--- Exercise requirements ---
With pictures left out, output exactly the lines from the line holding "Stefano Ricci Men's" through the end of the data, both included.

--- Extracted data ---
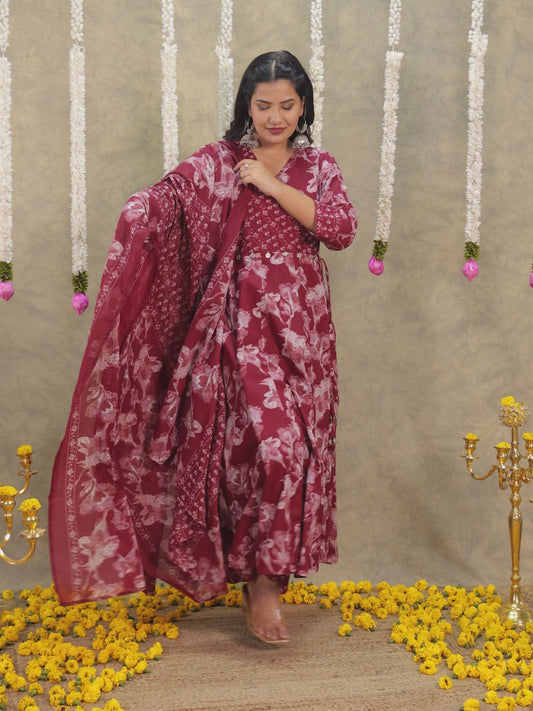 Soft Cotton Floral Angrakha Red Kurta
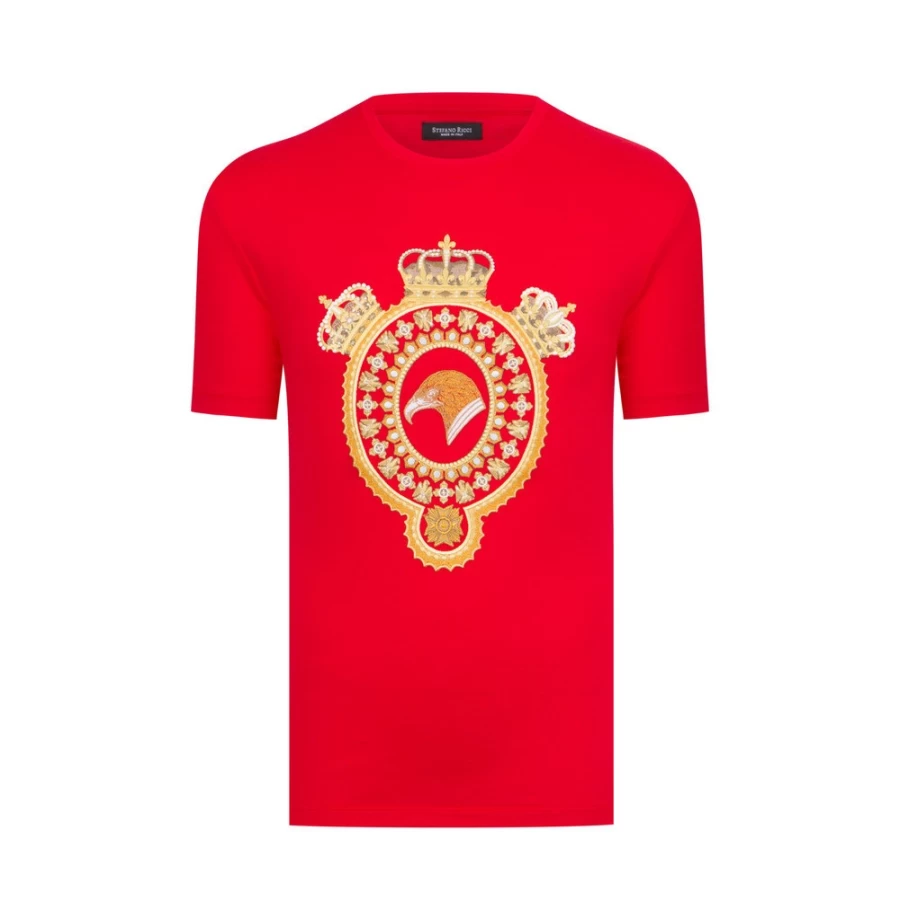 Stefano Ricci Men's Crown Emblem Cotton Crew Neck T-Shirt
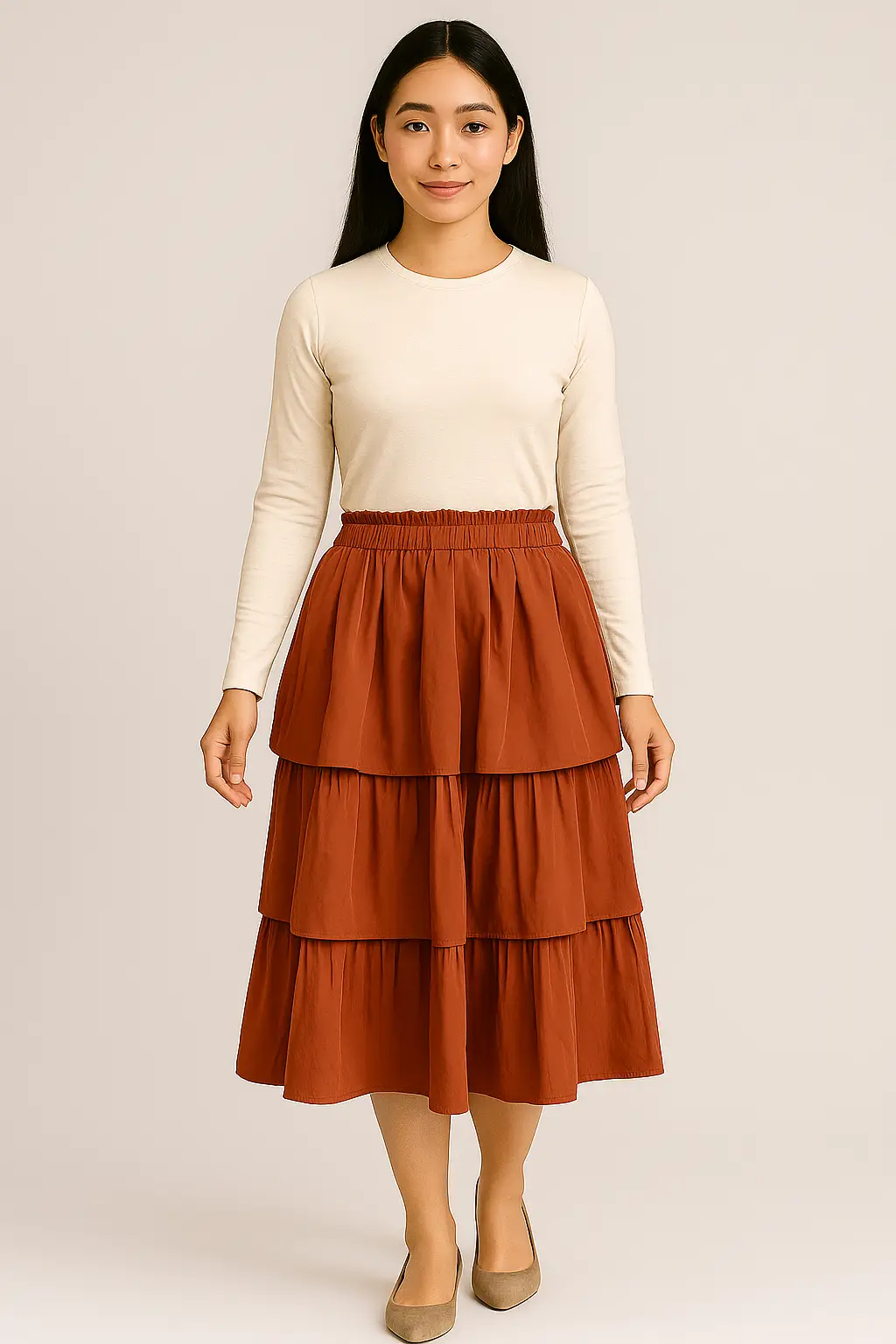 Rok Midi Paperbag Terracotta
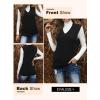 imageEVALESS Oversized Sweater Vest for Women V Neck Sleeveless Solid Color Loose Pullover SweaterA Black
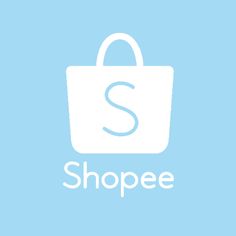 a white bag with the word shopee on it in front of a blue background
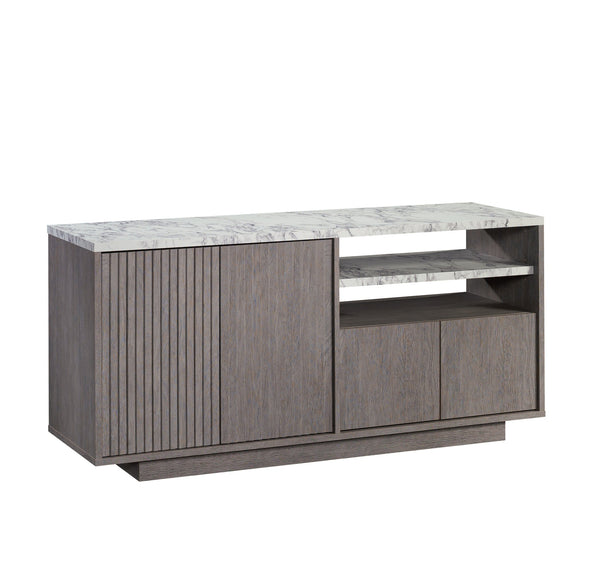 English Elm Credenza, Stylish Brown Finish Tv Stand For 65” Tvs With Faux Marble & Ample Storage Solutions B356P367793
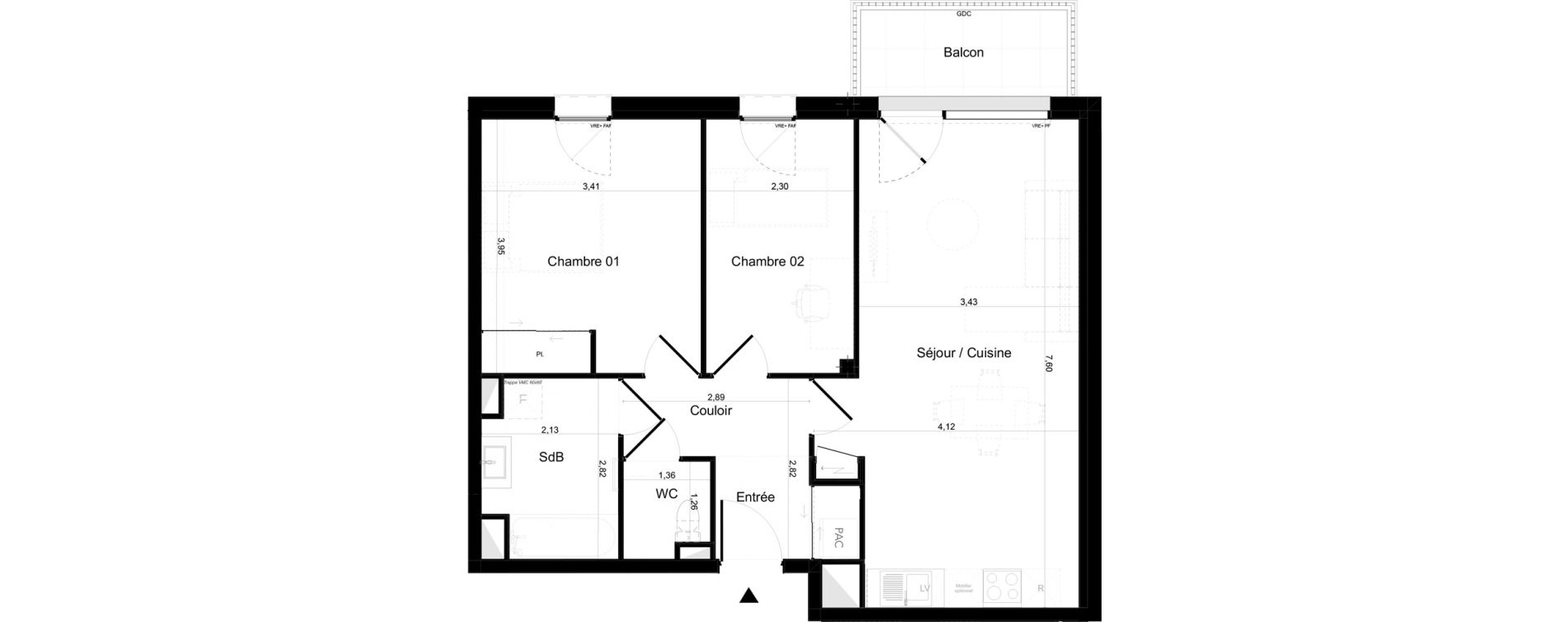 Appartement T3 de 63,53 m2 &agrave; Perros-Guirec Centre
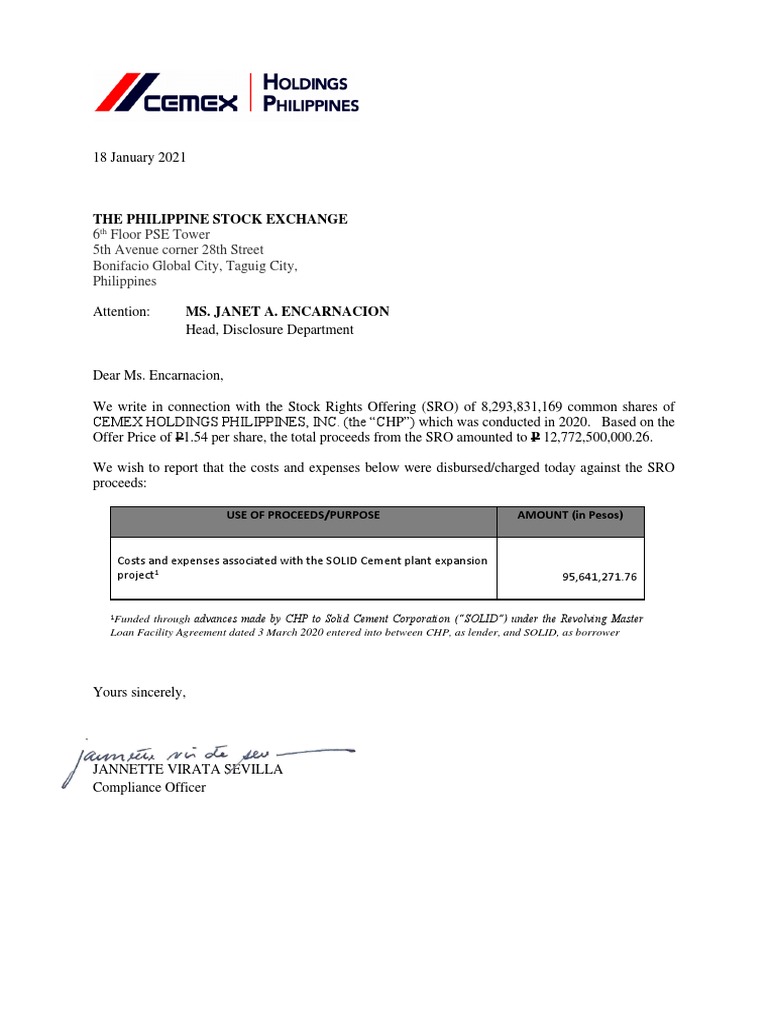 CHP Letter To PSE Dated 18 Jan 2021 - Use of Proceeds 16th Report S ...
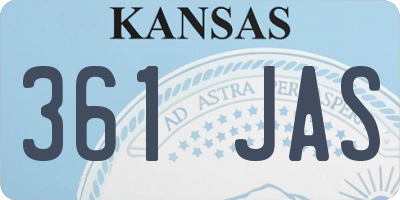 KS license plate 361JAS
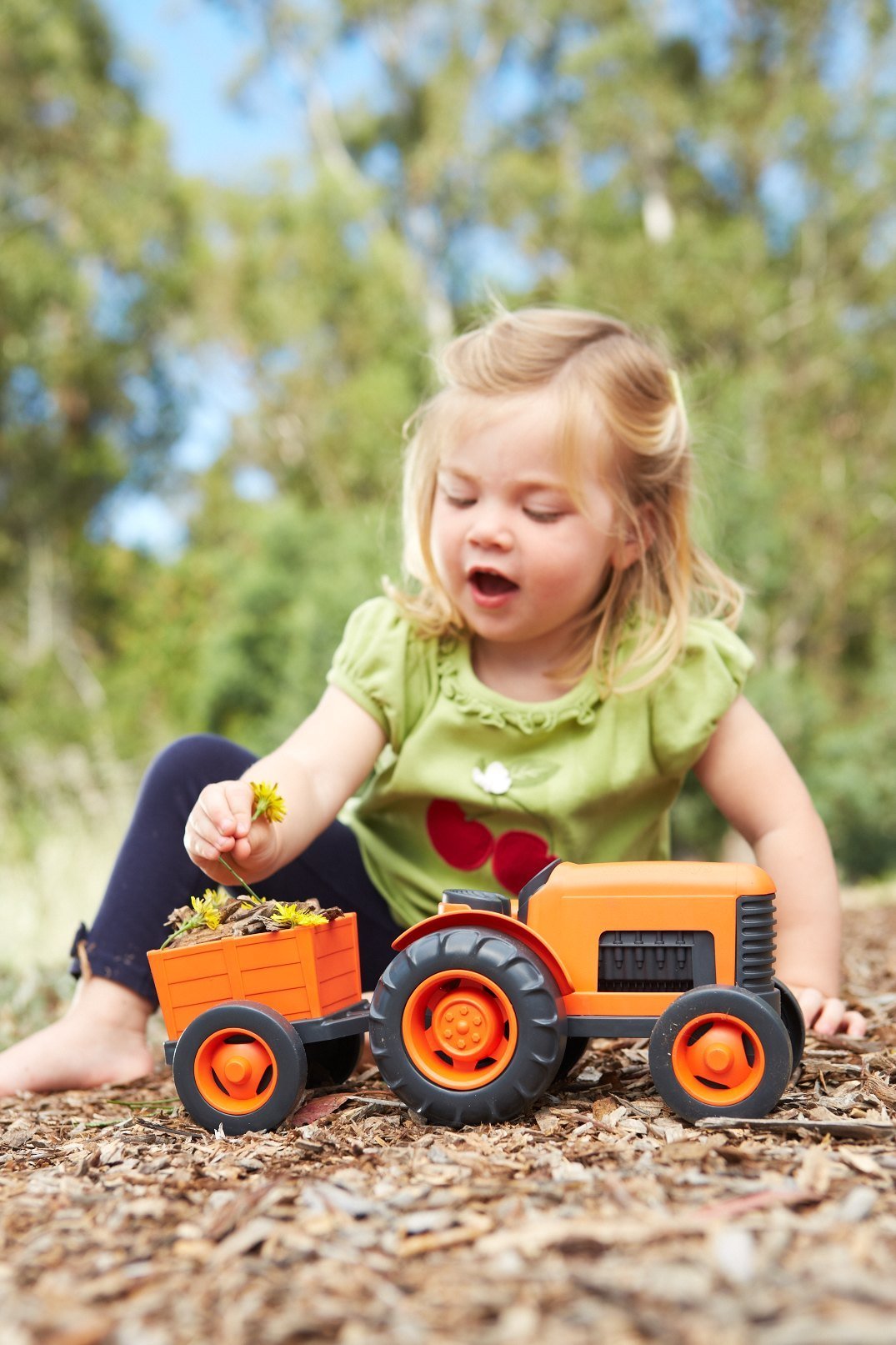 Green Toys Tractor, Orange - Pretend Play, Motor Skills, Kids Toy Vehicle. No BPA, phthalates, PVC. Dishwasher Safe, Recycled Plastic - Image 5
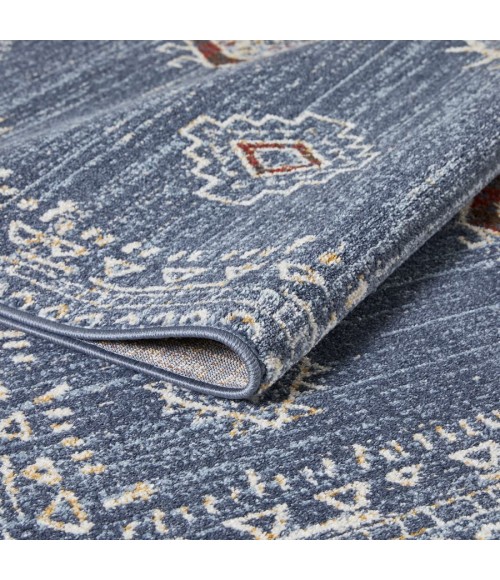 Loomaknoti Alsbrooke Temarnie Blue/Cream EA007 6 ft. 7 in. X 9 ft. 2 in. Rectangle Rug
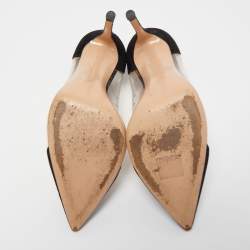 Pre Owned Gianvito Rossi Black Suede and PVC Plexi Pumps Size 40.5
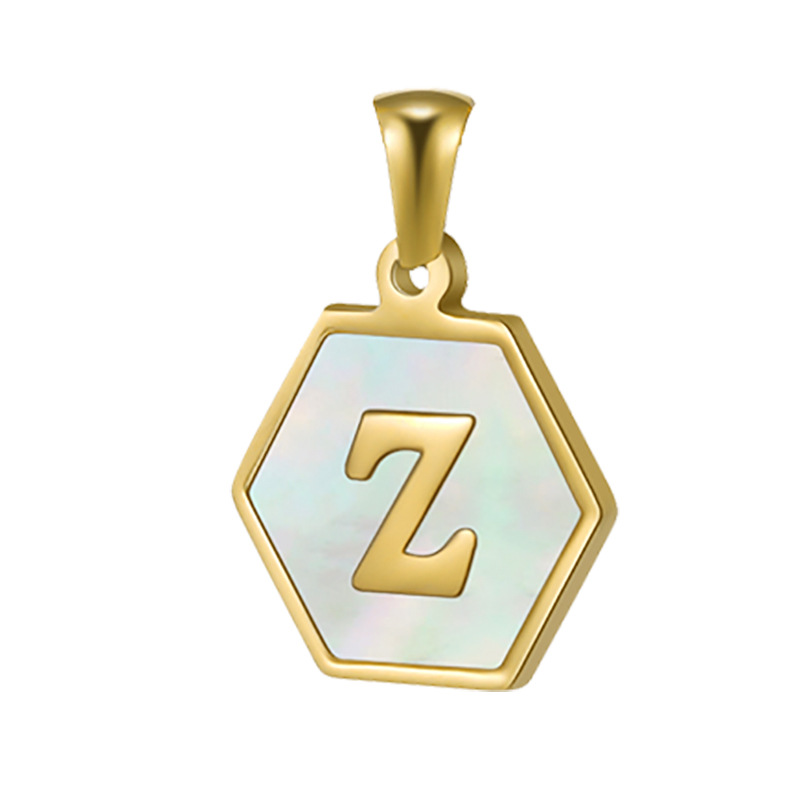 Fashion Hexagon Letter Stainless Steel Layered Necklaces Gold Plated Shell Stainless Steel Necklaces display picture 4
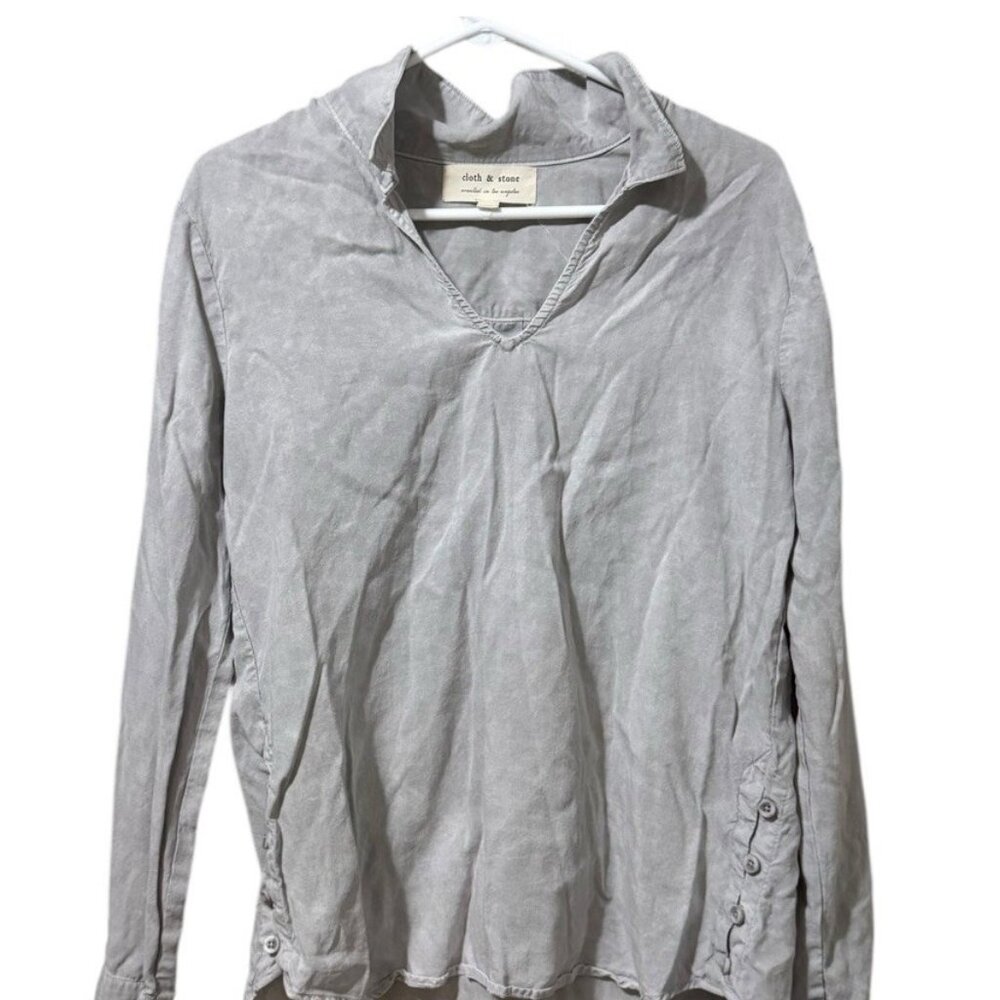 Cloth & Stone Anthropologie Tunic Top Sz Medium Long Sleeve Side Buttons‎ Tencel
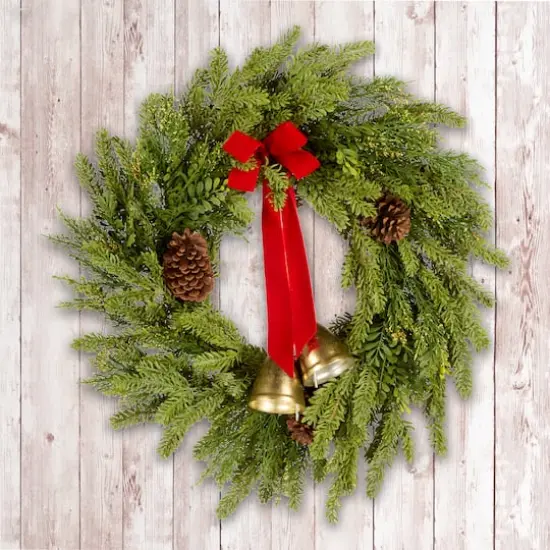 28" Christmas Bells Pine Wreath {3}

--- Response ---
 Stefano Ricci Men's Crown Emblem Cotton Crew Neck T-Shirt
 Rok Midi Paperbag Terracotta
 imageEVALESS Oversized Sweater Vest for Women V Neck Sleeveless Solid Color Loose Pullover SweaterA Black
 a white bag with the word shopee on it in front of a blue background
 English Elm Credenza, Stylish Brown Finish Tv Stand For 65” Tvs With Faux Marble & Ample Storage Solutions B356P367793
 Appartement T3 de 63,53 m2 &agrave; Perros-Guirec Centre
 CHP Letter To PSE Dated 18 Jan 2021 - Use of Proceeds 16th Report S ...
 KS license plate 361JAS
 Green Toys Tractor, Orange - Pretend Play, Motor Skills, Kids Toy Vehicle. No BPA, phthalates, PVC. Dishwasher Safe, Recycled Plastic - Image 5
 Loomaknoti Alsbrooke Temarnie Blue/Cream EA007 6 ft. 7 in. X 9 ft. 2 in. Rectangle Rug
 Pre Owned Gianvito Rossi Black Suede and PVC Plexi Pumps Size 40.5
 Fashion Hexagon Letter Stainless Steel Layered Necklaces Gold Plated Shell Stainless Steel Necklaces display picture 4
 Cloth & Stone Anthropologie Tunic Top Sz Medium Long Sleeve Side Buttons‎ Tencel
 28" Christmas Bells Pine Wreath {3}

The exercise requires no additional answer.